**Problem details**
Set the data down again, exactly as it reads, but without the pictures.

**Given information**
= = = = =
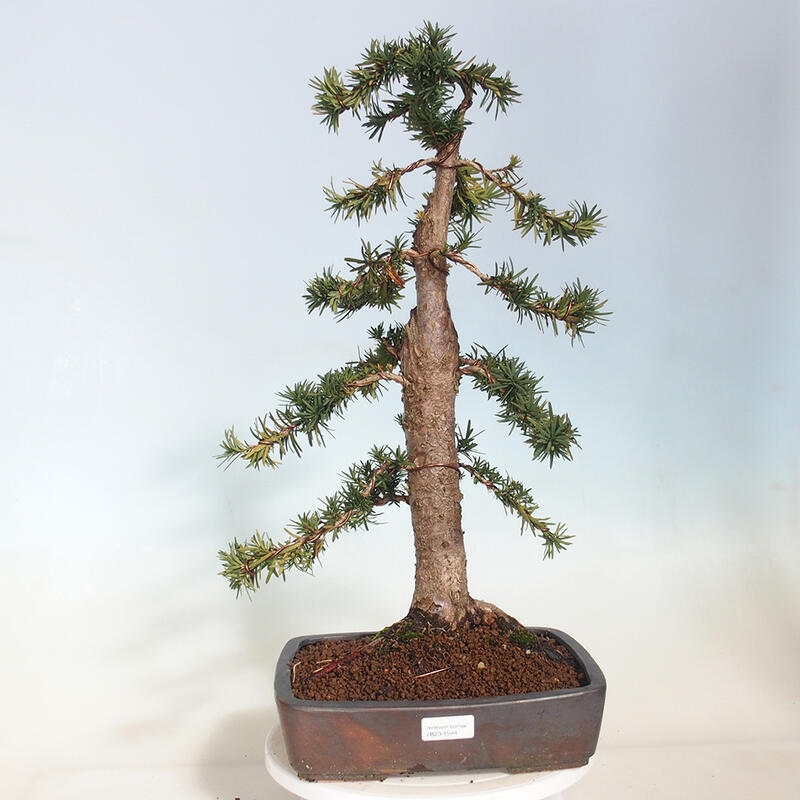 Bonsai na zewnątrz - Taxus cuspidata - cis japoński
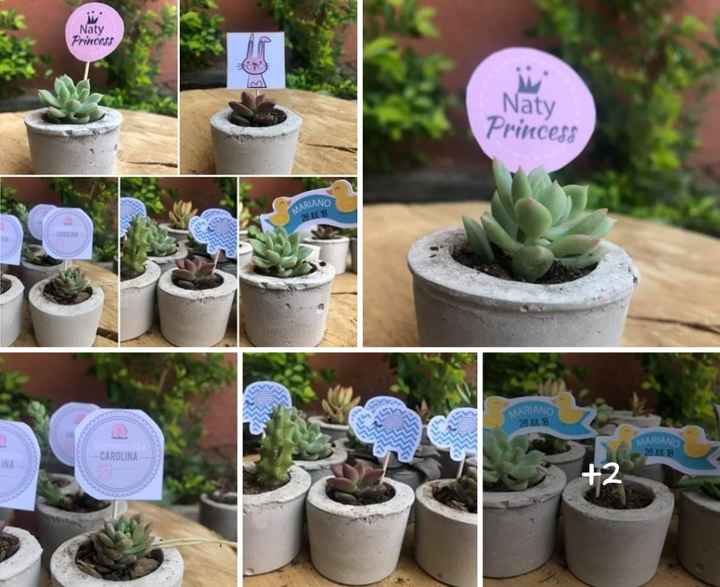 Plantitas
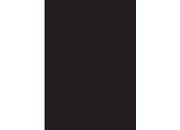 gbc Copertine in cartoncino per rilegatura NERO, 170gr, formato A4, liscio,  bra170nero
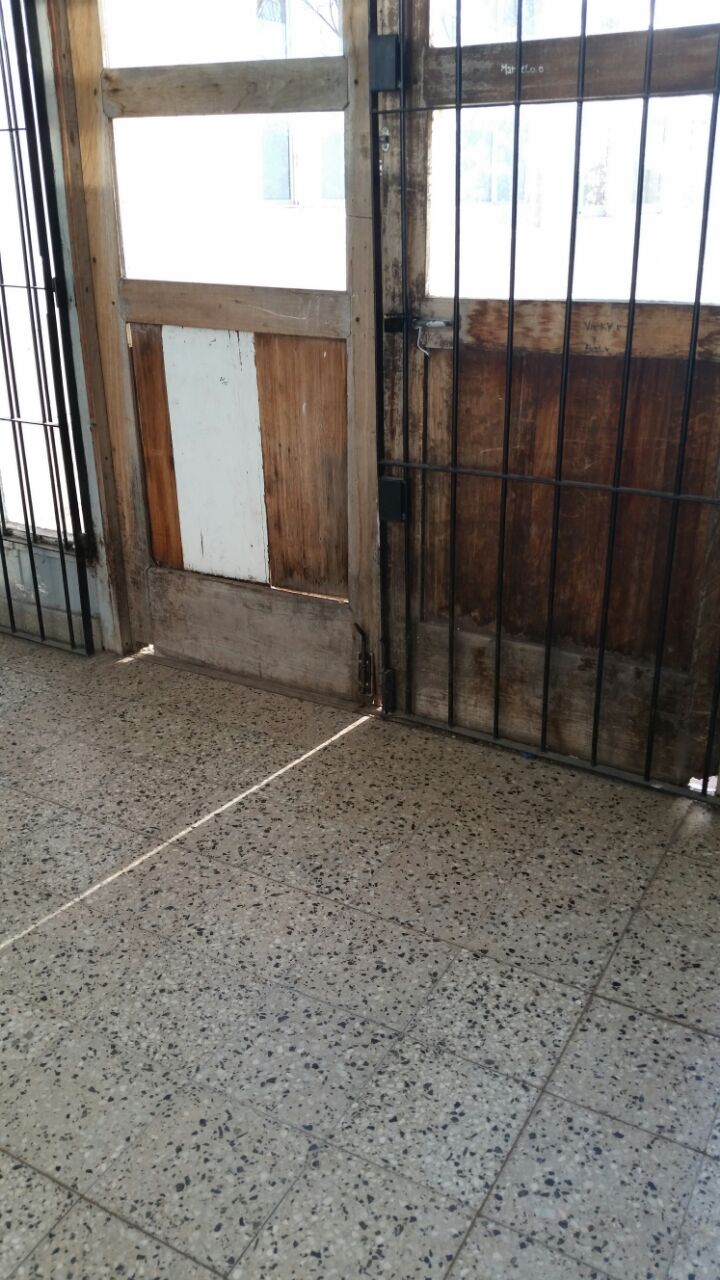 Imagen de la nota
= = = = =
**Answer section**
 Bonsai na zewnątrz - Taxus cuspidata - cis japoński
 Plantitas
 gbc Copertine in cartoncino per rilegatura NERO, 170gr, formato A4, liscio,  bra170nero
 Imagen de la nota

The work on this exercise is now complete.